Mark Gitenstein was chief Democratic counsel for the Senate Judiciary Committee from 1981 to 1989. Part of this op-ed is derived from a book he wrote on the Bork fight, “Matters of Principle.” He served as U.S. ambassador to Romania from 2009 to 2012 and practices law in Washington at Mayer Brown LLP. His views are his own, and not that of the firm.
Retired federal judge James Robertson regrets his role in helping to defeat Judge Robert Bork’s nomination to the Supreme Court in 1987 because, he wrote, it kicked off a “Thirty Years’ War on judicial appointments.” I’m sorry Robertson regrets his conduct. I do not. I served as chief counsel of the Senate Judiciary Committee during the Bork hearings, and I remain proud of my part in helping to defeat the nomination.
In June 1987, the retirement of moderate Justice Lewis F. Powell Jr. set the stage for an enormous fight about the future of the court. Powell had been the decisive vote in many decisions on the most sensitive issues before the court. President Ronald Reagan saw the vacancy as an opportunity to change the direction of the court for years to come by nominating Bork, the “philosopher king” of the conservative legal movement, as some described him.
And Bork, through his writings and his testimony, clearly signaled how dramatically he would shift the court to the right. Democrats didn’t “Bork” the nominee — he “Borked” himself. My boss, Chairman Joe Biden, pleaded directly with the president not to select Bork. But the administration and its allies seized the chance to reverse the liberal jurisprudence of the Warren Court. They were especially eager to undermine the notion of “fundamental rights,” notably the right to privacy and personal autonomy that provided the doctrinal underpinning for the right to abortion and, many years later, same-sex marriage.
So Reagan started the war, not the Judiciary Committee or those who found Bork’s views unacceptable. Bork partisans miscalculated the support the nominee and his legal approach had among the American people and in the Senate. Bork was rejected by a vote of 58 to 42. Eventually, the vacancy was filled by Anthony M. Kennedy, who has played a moderating role on the court, and the bruising nature of the Bork battle may also have influenced President George H.W. Bush to select David Souter. Both Kennedy and Souter distanced themselves from Bork and made clear in their testimony that they shared the fundamental rights jurisprudence, and Kennedy went on to author the decision establishing a constitutional right to same-sex marriage.
That decision and numerous others where Kennedy and Souter were the deciding votes make the case that the Thirty Years’ War was worth fighting.

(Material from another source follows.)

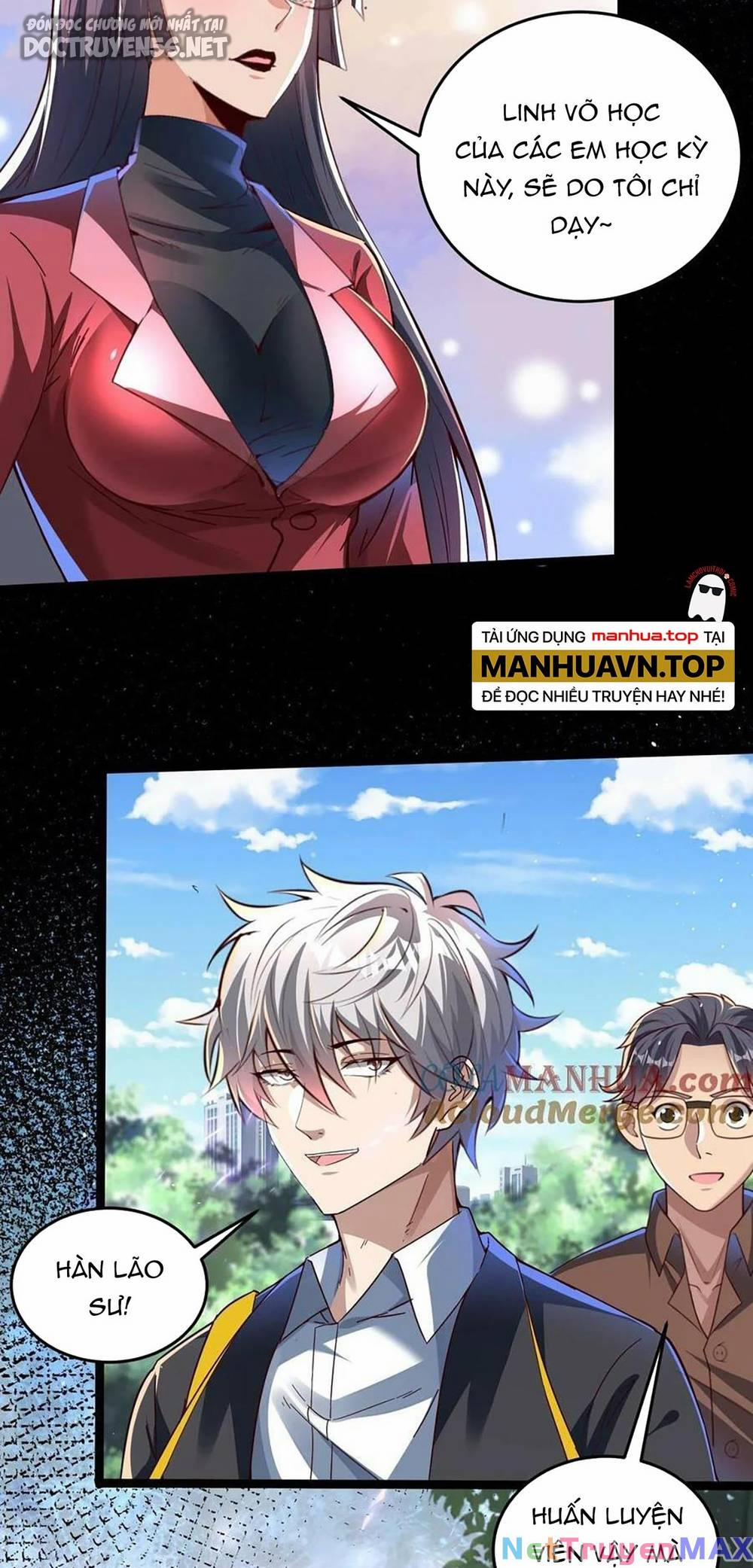 Linh Khí Khôi Phục: Ta Mỗi Ngày Thu Được Một Cái Kỹ Năng Mới 106 trang 7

By not surrendering to Reagan, the Senate determined the direction of the court for three decades.
Indeed, the Bork battle is far from the only “war” over the court in its history. Andrew Jackson sought to use the court to thwart his nemesis, the Second Bank of the United States, in the early 19th century. Franklin Roosevelt did the same a century later when a conservative majority blocked his New Deal. Indeed, changing the direction of the Supreme Court was a key election platform for Roosevelt in the 1936 election.
To be clear, under the Constitution, all three presidents were perfectly entitled to try to shape the court’s direction through their choice of nominees. By the same token, the Senate was empowered, indeed obligated, to block those presidents if they disagreed.

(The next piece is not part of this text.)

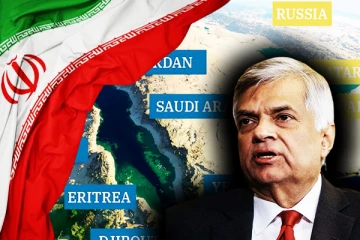 செங்கடல் பகுதியில் நிலைகொள்ள தயாராகும் இலங்கை கடற்படை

So the argument that the Bork fight was somehow illegitimate is far off the mark. In fact, the framers probably assumed that these struggles would be political. The first serious struggle over a Supreme Court nomination, George Washington’s choice of John Rutledge to be chief justice, was as political as you can get. Rutledge was defeated because of his position on the 1795 Jay Treaty with Britain.
Certainly, there have been excesses in these battles, among them the successful effort to block President Barack Obama from filling the vacancy created by Antonin Scalia’s death. But that doesn’t mean the Senate should not fulfill its constitutional responsibility of providing advice and consent on judicial nominations.

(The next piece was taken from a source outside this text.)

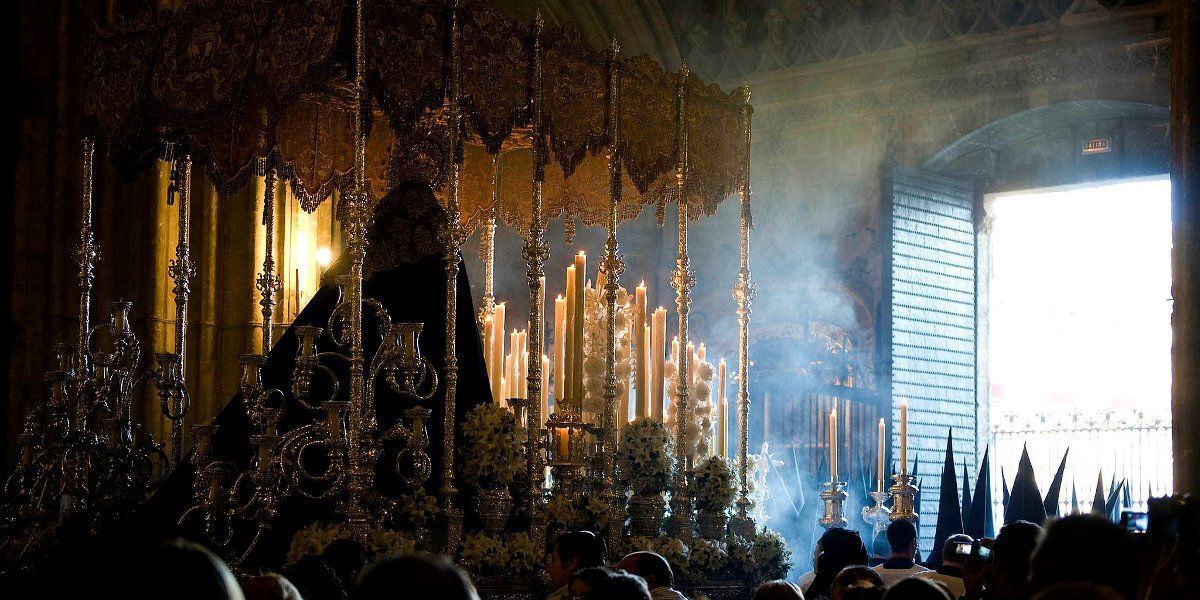 Holy Week in Seville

What the Bork fight did inaugurate is a period of thirty years of close scrutiny of a nominee’s approach to critical constitutional controversies and whether that approach is acceptable to the American people. Thus, President Trump’s nominee, federal appeals court judge Neil Gorsuch, should be questioned thoroughly by the committee on his jurisprudence. His opinions should be carefully examined by staff and senators. If senators are concerned about what Gorsuch says or even by his refusal to answer questions, they should vote accordingly.
The worst thing they could do would be to preemptively abandon their constitutional role by declaring a “truce.”